Source data:

Start of Block

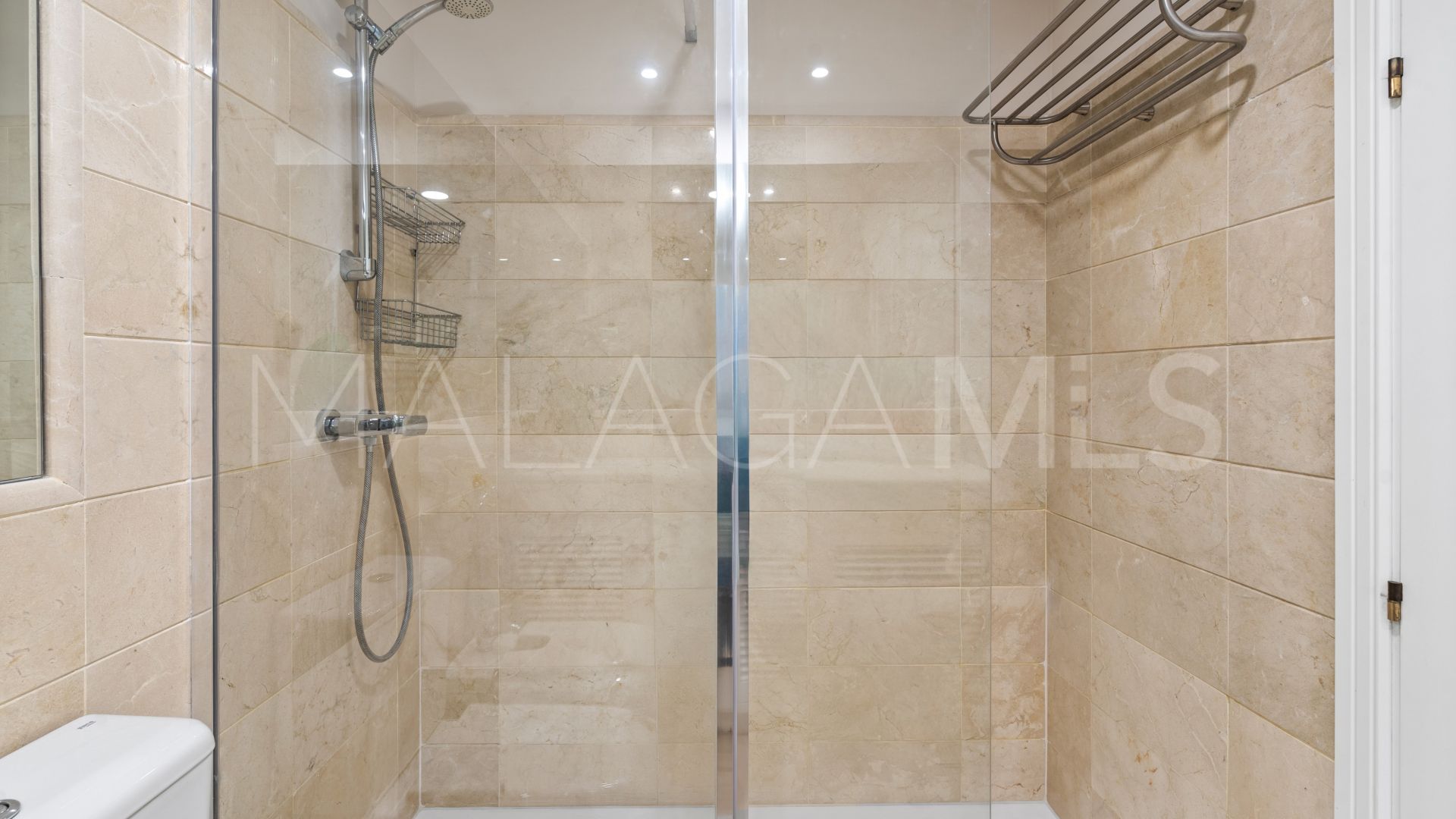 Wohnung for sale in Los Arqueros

End of Block
Start of Block

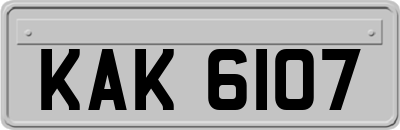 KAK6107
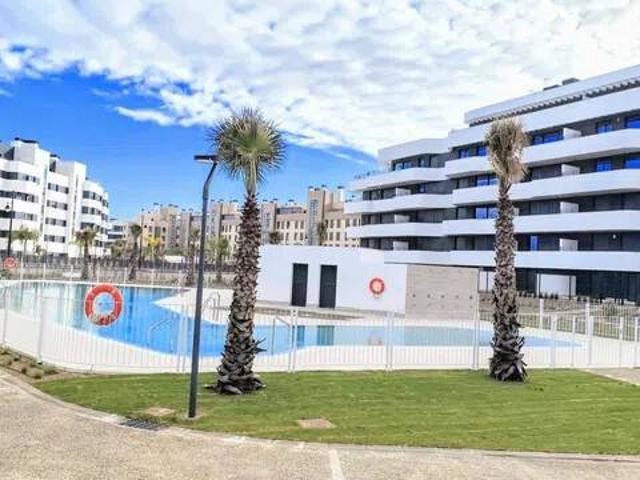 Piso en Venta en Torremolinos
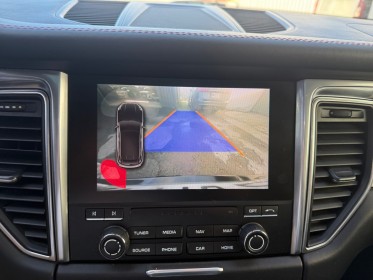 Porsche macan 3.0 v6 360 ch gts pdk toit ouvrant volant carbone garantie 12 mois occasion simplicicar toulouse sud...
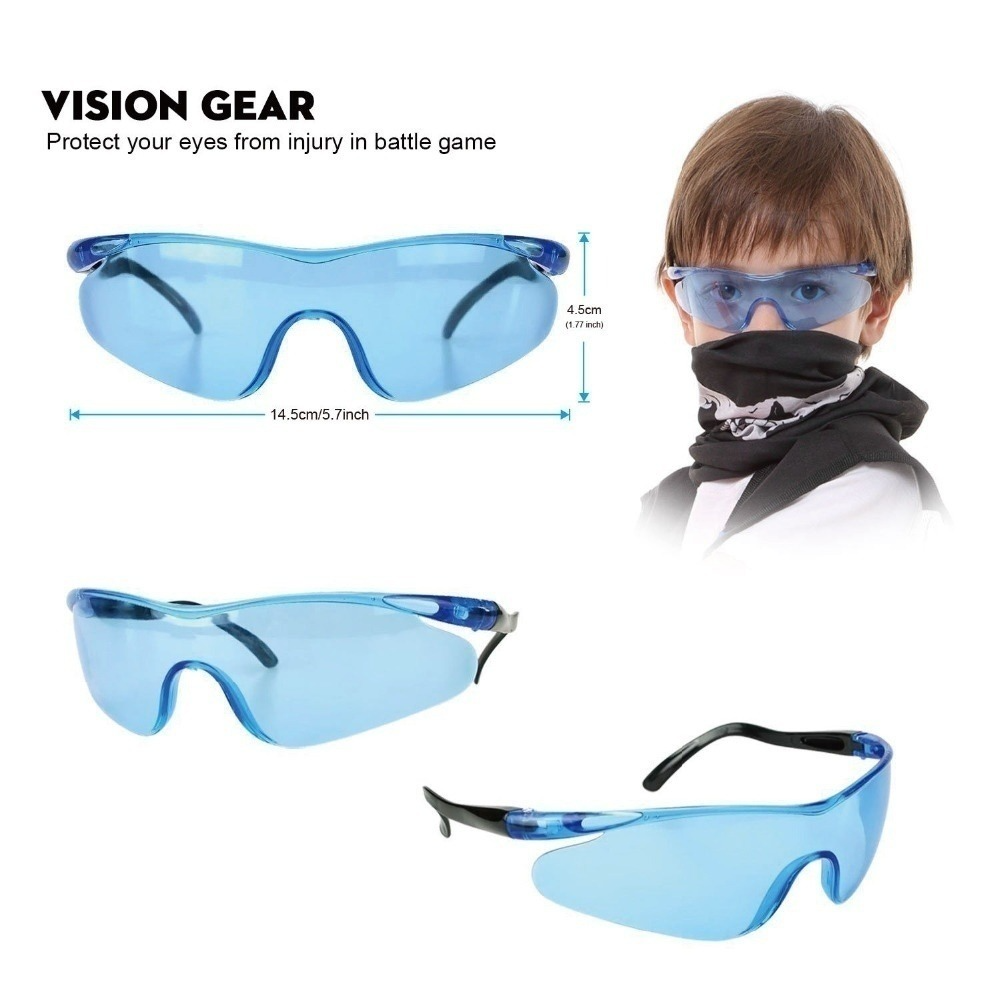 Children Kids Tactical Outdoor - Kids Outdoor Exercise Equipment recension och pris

End of Block
Start of Block

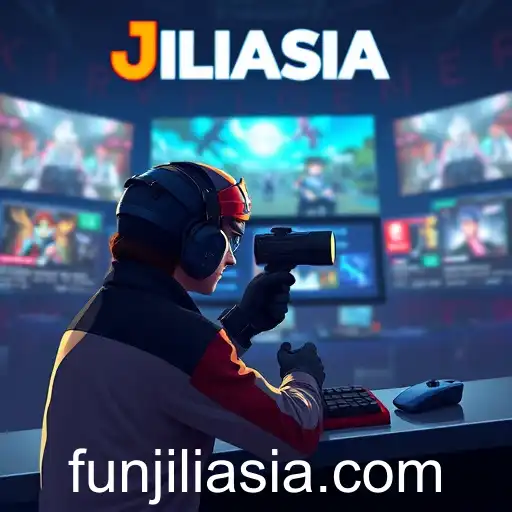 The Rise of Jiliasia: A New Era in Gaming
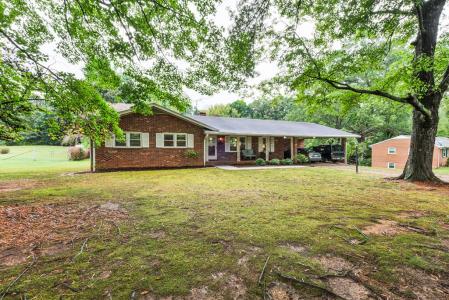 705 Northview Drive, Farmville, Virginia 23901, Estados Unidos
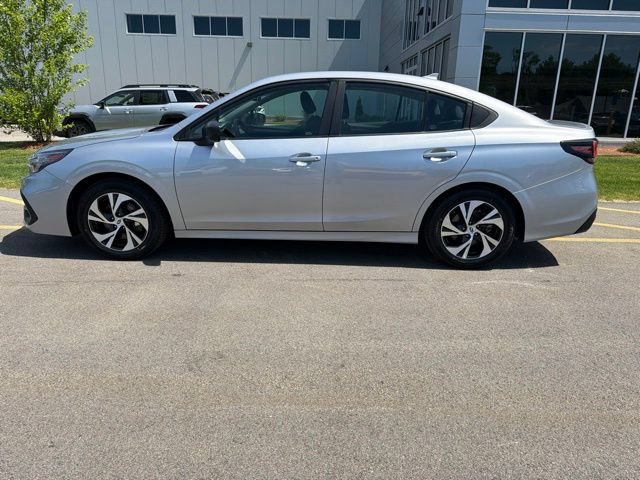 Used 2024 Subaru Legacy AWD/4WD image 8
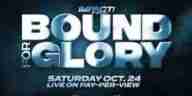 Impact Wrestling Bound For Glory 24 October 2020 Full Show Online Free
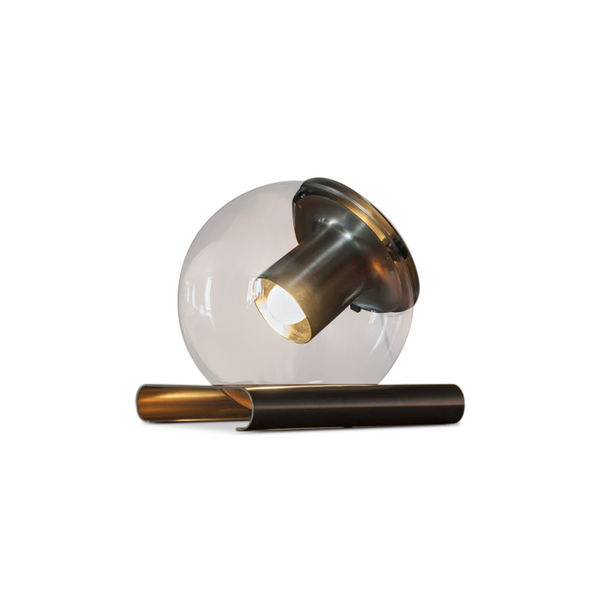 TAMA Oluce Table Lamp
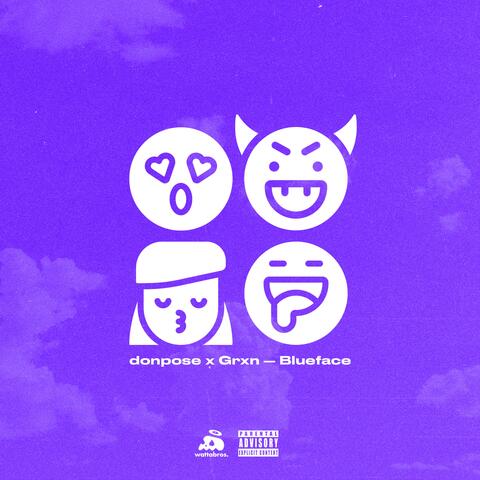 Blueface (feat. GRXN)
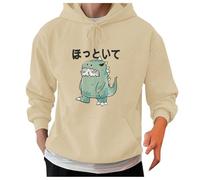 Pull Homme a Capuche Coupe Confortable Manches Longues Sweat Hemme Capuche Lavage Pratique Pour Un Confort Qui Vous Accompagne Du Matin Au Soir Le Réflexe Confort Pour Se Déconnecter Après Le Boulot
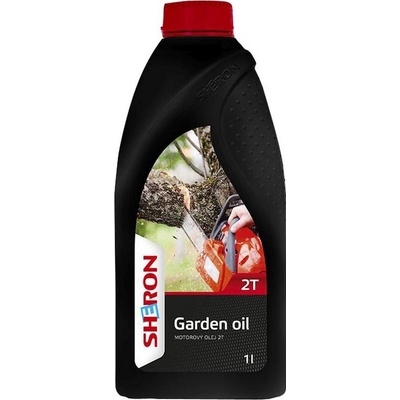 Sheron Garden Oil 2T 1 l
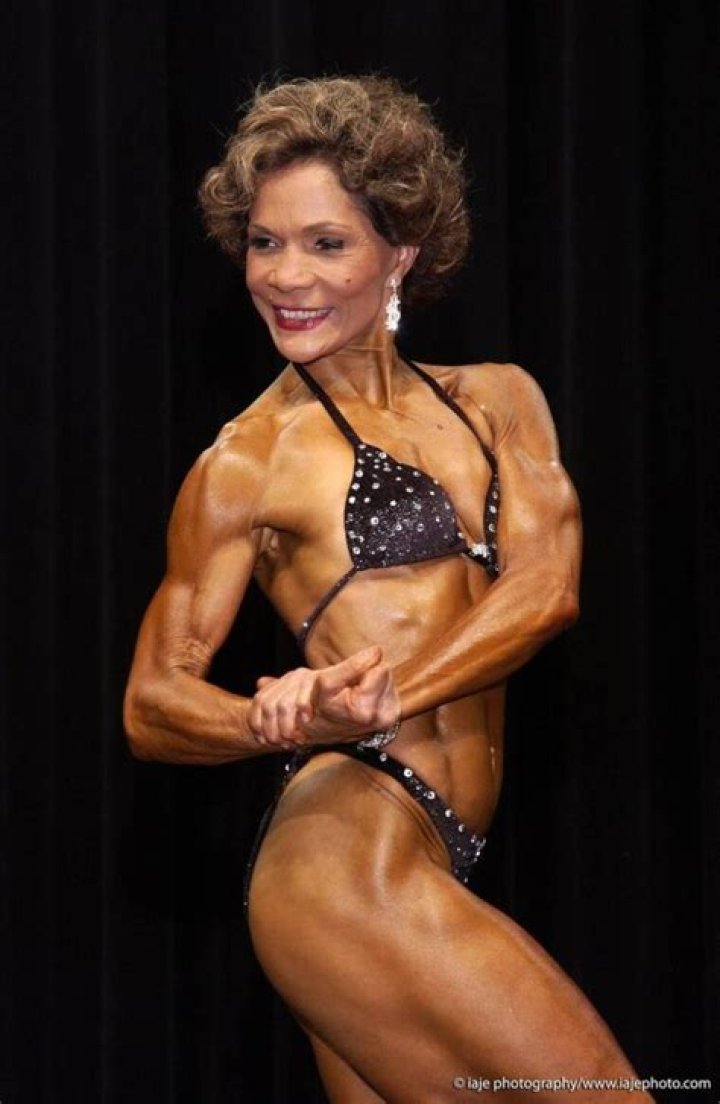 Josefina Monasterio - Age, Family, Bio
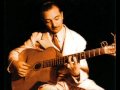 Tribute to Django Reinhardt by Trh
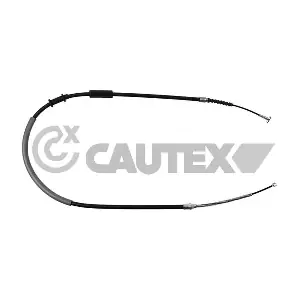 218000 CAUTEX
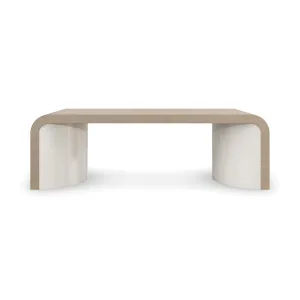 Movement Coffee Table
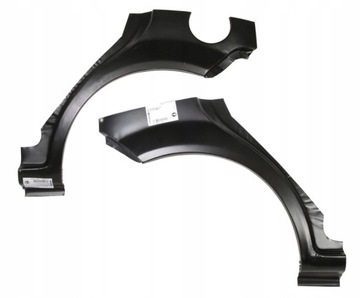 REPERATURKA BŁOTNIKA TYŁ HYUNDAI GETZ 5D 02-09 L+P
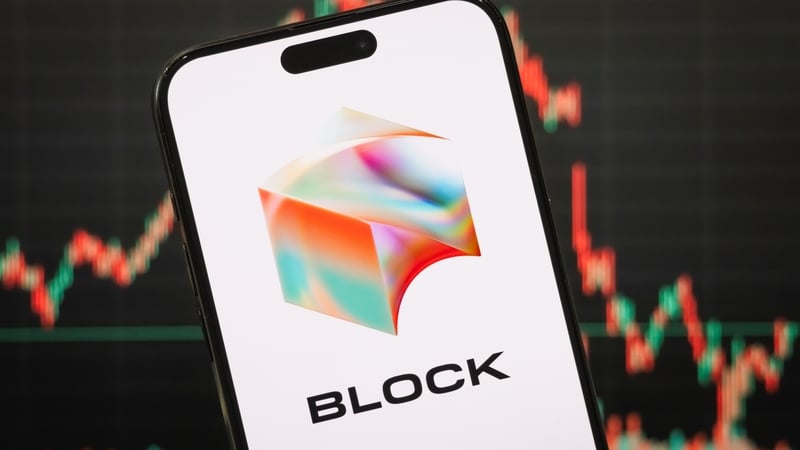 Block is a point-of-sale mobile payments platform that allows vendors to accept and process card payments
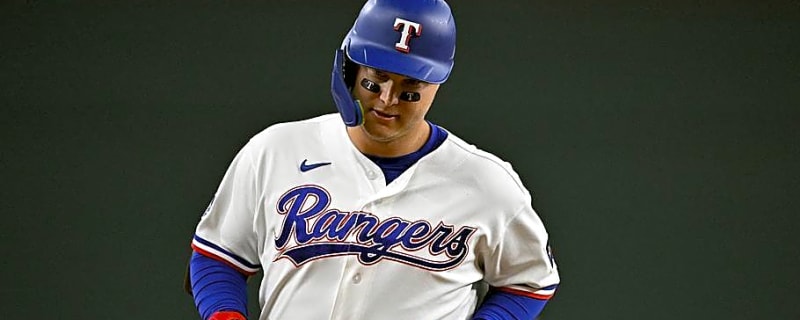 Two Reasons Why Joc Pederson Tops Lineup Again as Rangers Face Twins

End of Block

Task objective: Pictures aside, print exactly the lines above starting with the one containing "Piso en Venta en Torremolinos" and going on through the one containing "Children Kids Tactical".

Reply:
 Piso en Venta en Torremolinos
 Porsche macan 3.0 v6 360 ch gts pdk toit ouvrant volant carbone garantie 12 mois occasion simplicicar toulouse sud...
 Children Kids Tactical Outdoor - Kids Outdoor Exercise Equipment recension och pris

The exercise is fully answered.